L’impresa, in ogni caso, aveva deciso di fare la stessa cosa cui a quanto pare sta pensando anche don Franco Rapullino, parroco un tempo a Forcella oggi a Chiaia, che nell’intervista concessa ieri al Mattino, oltre a garantire di non aver notato alcuna differenza sostanziale nel passaggio dal centro storico al cosiddetto “salotto”, ha affermato di ritenere che la Siria o il Burkina Faso possano essere valide alternative alla sua permanenza a Napoli.

Ieri dunque è stato uno di quei giorni che - proprio come in una vecchia canzone di Ornella Vanoni - “ti prende la malinconia / che fino a sera non ti lascia più”. Non solo perché, esattamente come nei versi di quella canzone (in qualche modo sottoscritti da un uomo di chiesa), “la mia fede è troppo scossa ormai” anche se “prego e penso fra di me / proviamo anche con Dio, non si sa mai”. Ma soprattutto perché le due notizie di giornale che ho citato, che si aggiungono a una lunga serie di altre pessime notizie delle ultime settimane, sembrano dirci che Napoli è ormai perduta, che non ci si può più vivere né tanto meno lavorare, che non ne vale la pena, e che tutto quello che si continua a fare sono chiacchiere senza costrutto; e dunque sì, sarà pur vero che la nostra è una città da sempre fatta di luci e ombre, ma le luci residuali assomigliano sempre più a tremuli fuochi fatui, o agli effimeri bagliori dei fuochi d’artificio che qui, e solo qui, si sparano quasi ogni santa sera, e che, come si dice, inevitabilmente fanno la fine dei tracchi. 

Dunque, “non c’è niente di più triste / in giornate come queste / che ricordare la felicità / sapendo già che è inutile / ripetere chissà? Domani è un altro giorno, si vedrà”. E tiriamo avanti in attesa di qualcosa (un miracolo?) che, contro ogni evidenza, possa cambiare la situazione. Speriamo che venga presto arrestato il killer di piazza Nazionale. O che il ministero della Giustizia e quello dell’Interno si mettano d’accordo sul destino dei condannati in via definitiva i quali se ne stanno tuttavia felicemente a piede libero, e magari si godono la vita fra una capatina allo stadio e l’indisturbata pratica dei consueti malaffari. E che qualcuno si sbrighi a dire anche a loro che la pacchia è finita, e soprattutto si applichi in modo radicale affinché il controllo del territorio torni saldamente in mano alle forze dell’ordine, giacché anche la più banale distrazione finisce per essere un favore reso alla criminalità o all’illegalità che ne è la melliflua ambasciatrice: e questo è un fatto che ciascun napoletano può verificare di persona nella propria quotidianità al cospetto di lassismi di ogni genere. 
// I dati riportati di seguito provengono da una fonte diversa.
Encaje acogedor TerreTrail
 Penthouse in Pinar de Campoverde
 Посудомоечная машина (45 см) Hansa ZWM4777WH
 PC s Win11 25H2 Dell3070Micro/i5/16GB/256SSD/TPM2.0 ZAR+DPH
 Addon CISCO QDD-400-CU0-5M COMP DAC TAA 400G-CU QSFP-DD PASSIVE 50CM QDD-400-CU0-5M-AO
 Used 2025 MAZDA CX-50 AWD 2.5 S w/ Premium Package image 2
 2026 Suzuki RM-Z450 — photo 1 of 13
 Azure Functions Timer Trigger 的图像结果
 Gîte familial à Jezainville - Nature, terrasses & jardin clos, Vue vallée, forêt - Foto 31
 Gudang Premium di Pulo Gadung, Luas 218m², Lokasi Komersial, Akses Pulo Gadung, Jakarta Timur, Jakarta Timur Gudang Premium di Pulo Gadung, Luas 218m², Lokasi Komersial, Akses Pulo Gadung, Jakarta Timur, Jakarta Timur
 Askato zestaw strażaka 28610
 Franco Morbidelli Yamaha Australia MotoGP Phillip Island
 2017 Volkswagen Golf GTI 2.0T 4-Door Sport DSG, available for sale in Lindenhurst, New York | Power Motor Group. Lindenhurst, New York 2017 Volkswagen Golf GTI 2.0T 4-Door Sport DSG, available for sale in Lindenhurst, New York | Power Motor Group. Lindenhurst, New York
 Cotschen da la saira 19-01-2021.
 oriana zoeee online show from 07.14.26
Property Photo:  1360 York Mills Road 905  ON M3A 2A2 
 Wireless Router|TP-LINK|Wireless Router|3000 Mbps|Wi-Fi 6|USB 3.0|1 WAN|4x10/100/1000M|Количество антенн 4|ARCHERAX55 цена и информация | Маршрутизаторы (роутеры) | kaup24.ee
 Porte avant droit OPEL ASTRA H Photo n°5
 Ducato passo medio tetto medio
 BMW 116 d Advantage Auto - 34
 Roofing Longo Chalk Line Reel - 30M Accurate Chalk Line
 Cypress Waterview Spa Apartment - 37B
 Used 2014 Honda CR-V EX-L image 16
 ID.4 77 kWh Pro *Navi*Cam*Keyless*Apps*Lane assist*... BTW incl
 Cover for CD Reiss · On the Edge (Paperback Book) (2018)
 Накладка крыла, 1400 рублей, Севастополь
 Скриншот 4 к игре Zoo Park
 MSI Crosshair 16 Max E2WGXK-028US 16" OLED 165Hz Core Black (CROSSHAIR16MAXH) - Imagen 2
È infatti certo che “la camorra fa schifo” (come afferma il vicepremier Salvini) e che a Napoli siamo costretti ad assistere a “scene da medioevo” (come nota il procuratore nazionale antimafia Cafiero de Raho). Ma non basta dirlo. Bisogna dichiarare guerra allo schifo e aggiornare il calendario rimettendolo in linea con quello del mondo civile. A tal proposito ricordo che, piuttosto giustamente, il famoso portone di palazzo Serra di Cassano per il momento rimane ancora chiuso. Bisogna fare di tutto per riaprirlo. Perché da Napoli, non vorremmo proprio essere tentati di scappare.